Kris Kennaway kris at FreeBSD.org
Thu Feb 14 23:39:40 UTC 2008


Brett Bump wrote:
> 
> On Thu, 14 Feb 2008, Kris Kennaway wrote:
> 
>> We are going to need more information about your system.  What do you
>> mean by "peak activity"?  What is running on the system when it performs
>> badly (check top -S, ps, gstat, vmstat -w, vmstat -i).  What is your
>> kernel configuration, dmesg and relevant aspects of the system
>> configuration?
>>
>> Kris
>>
> 
> I would call 120 processes with a load average of 0.03 and 99.9 idle
> with 10-20 sendmail processes and 30 apache jobs nothing to write home
> about.  But when that jumps to 250 processes, a load average of 30 with
> 50% idle (5-10 second waits on single character ssh echo) a bit busy.
> That usually means my heavy pop3 users are checking in at the same time
> someone (or 2 or 3) have sent email to the large volume listservs.  Proc
> stat doesn't show as much as gstat and iostat.  Gstat alwasy shows my
> drive with /var/mail being 97-100% busy and iostat will always show hi
> tps rates, but never anything above 8MB/s (4.10 gave me 30MB/s+).
> 
> Kernel is generic with ipfirewall quota and smp (no ipfw rules yet).

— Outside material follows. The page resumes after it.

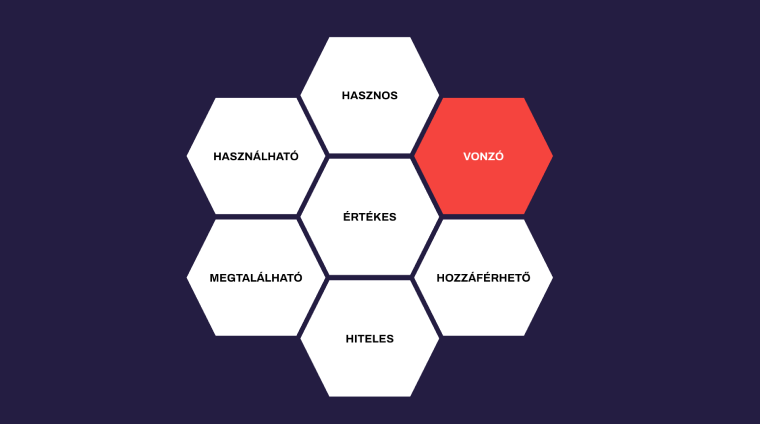 UX honeycomb Peter Morville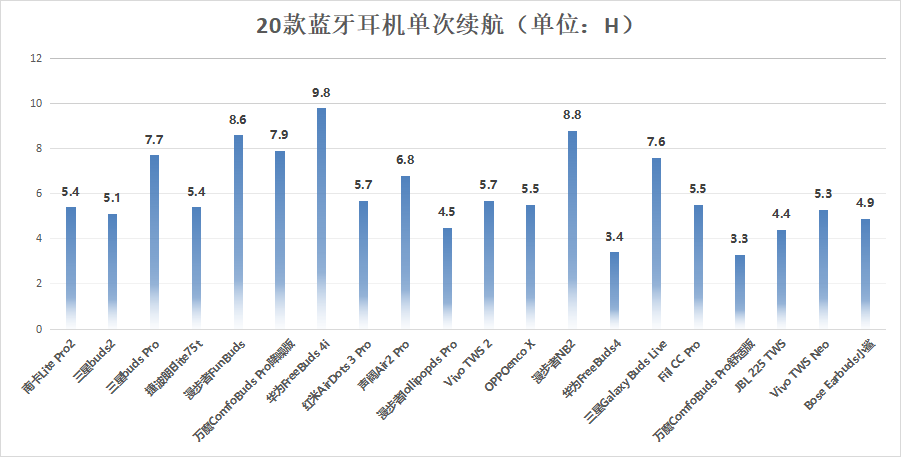 2022学生党蓝牙耳机怎么选？最新蓝牙耳机排行榜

OK, then you definitely need to update to 6.3, quota support in older 
releases had performance problems.

> [Thu Feb 14 09:59:23 2008] [notice] child pid 43464 exit signal Abort trap (6)
> httpd in malloc(): error: recursive call
> [Thu Feb 14 10:07:34 2008] [notice] child pid 85706 exit signal Abort trap (6)
> httpd in free(): error: recursive call
> [Thu Feb 14 10:48:39 2008] [notice] child pid 45621 exit signal Abort trap (6)
> httpd in free(): error: recursive call

These typically indicate application errors, or errors in how the 
applications are compiled (e.g. linked to inconsistent sets of libraries).